Then I came across a poem : “The Road Not Taken” – by Robert Frost; very quickly it became my favourite poem of all time, mainly because of this, last stanza:
Somewhere ages and ages hence:
Two roads diverged in a wood, and I-
I took the one less travelled by,
And that has made all the difference.
I’m sure most of you can see the allure that would have to anyone in that situation, especially to a literature fanatic with an unhealthy attachment towards nature. Genuinely Robert Frost pretty much became the love of my life through those 20 something words.
Because he gave me hope.
He made me realise that all of our “roads” in life, are completely unique. Sure we may share a crossroad or two, with someone ,or our roads may join for part of the journey; but everything that happens along that journey is our burden. It’s our joy.
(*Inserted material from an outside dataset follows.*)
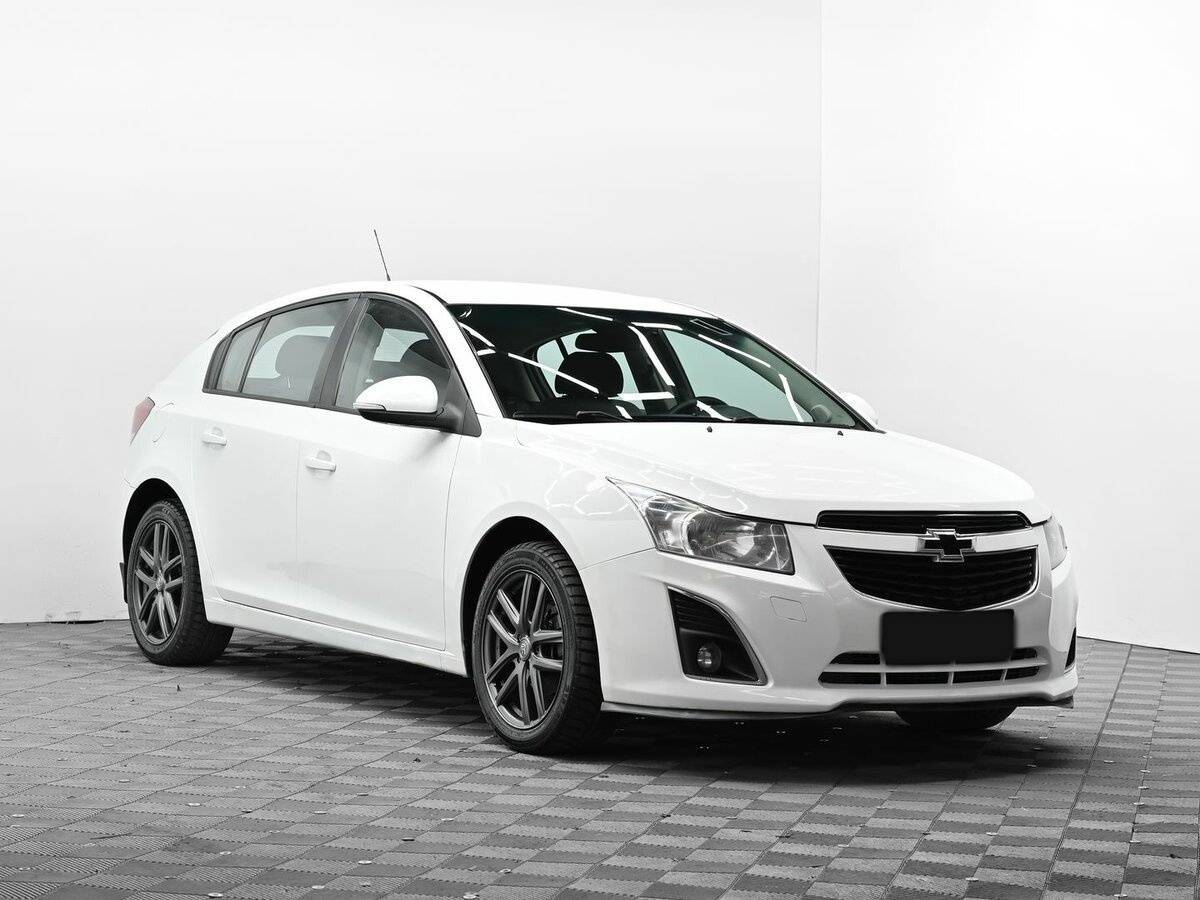 Chevrolet Cruze, 2013 - 165 000 км. | Фото №2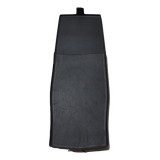 Tapete Borracha Interno Console Central Ds5 15 9685089877 Preto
We all will or have, all dealt with losing ourselves and our way in life. But that’s what makes life fun. For those are the moments, when we must seize the day.
Because everyone finds their path scary and there are always unexpected twists, but we must go on; and this seems to be the part were we all falter. We start thinking about: What we should have and where we should be. We forget about what we want, and what we need. This is the divergence in the road Frost was talking about.
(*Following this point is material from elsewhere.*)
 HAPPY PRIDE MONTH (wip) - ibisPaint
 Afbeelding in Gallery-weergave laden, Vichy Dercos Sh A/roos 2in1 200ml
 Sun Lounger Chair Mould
I told my boyfriend, that he needs to think about what he wants, from his life. The things he truly wants to do and the dreams he’s not willing to let go of. I told him that he needs to think about, what is important to him in life…what he wants to get from it all.
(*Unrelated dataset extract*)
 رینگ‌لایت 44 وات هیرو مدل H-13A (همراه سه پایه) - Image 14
You should never base what you want from your life, on your- society, parents or friends- because when you are on that bed, waiting for the final judgement, they won’t be with you; looking back on your every move.
Life is a beautiful and fragile thing. So welcome the feeling of that gun. Don’t let it stop you. In fact, embrace it! Take the road less travelled by. Use the fear to evaluate your life and make your own road; because, although it’ll be f***ing scary,it’ll make all the difference.
Losing yourself, gives you the chance to find the new you, the true you.
At least, that’s what I tell myself, when I feel like I’m losing my way.